Este último año mi hija lo encontró un poco solo, un poco tristón, «Mamá, el Sireno ahí, tan solito…», «Si, hija», le contesté, «ahora llega el invierno y va a pasar algo de frío».
Y así han transcurrido algunas de nuestras conversaciones cada fin de semana, observando la soledad del centro de Vigo, la desertización que ha ido sufriendo estos últimos años, comprobando como la mayoría de los niños de la ciudad viven en el extrarradio, viendo como los comercios tradicionales cierran y dan paso a otro tipo de negocio y como aquel ajetreo de la calle del Príncipe ha ido perdiendo esencia, tanta, que hasta una de las tiendas más visitadas va a cerrar.
Y así, observando como la ciudad muda sus formas, sus hábitos, modifica sus costumbres, así, sin darnos cuenta, algo nos ha dicho que estamos ahí, agazapados, buscando un pretexto para salir en manada y recordar que el centro de Vigo existe y que cuando se llena, es más atractivo.
Estos días entre La Farola de Urzaiz y la Puerta del Sol existe un auténtico furor navideño, furor por la necesidad de conseguir una foto junto a algunos de los adornos navideños, un retrato bajo las luces o un selfie ante el inmenso árbol luminoso que acompaña estos días al Sireno.

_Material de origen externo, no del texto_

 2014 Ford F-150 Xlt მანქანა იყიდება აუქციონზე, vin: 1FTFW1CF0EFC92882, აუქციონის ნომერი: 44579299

Yo, fanática absoluta de la tecnología, las redes sociales, los teléfonos inteligentes y de cualquier cacharrito que me haga la vida más sencilla, yo, me veo absolutamente contagiada por ese furor y observo estos días el movimiento navideño como una auténtica revolución. Una revolución protagonizada por familias enteras que quieren fotos, fotos y más fotos, dentro y fuera del árbol, en cualquier esquina, quieren captar lo que sienten y enseñarlo, compartirlo, dejar constancia de que han pasado por ahí.
Les confieso que yo también tengo mi selfie, que entiendo el furor y que deseo que permanezca porque a pesar de la multitud da gusto sentir viva a la ciudad, da gusto observar alegría, compartir sonrisas, contagiarnos del espíritu navideño y de paso, hacerle compañía al Sireno.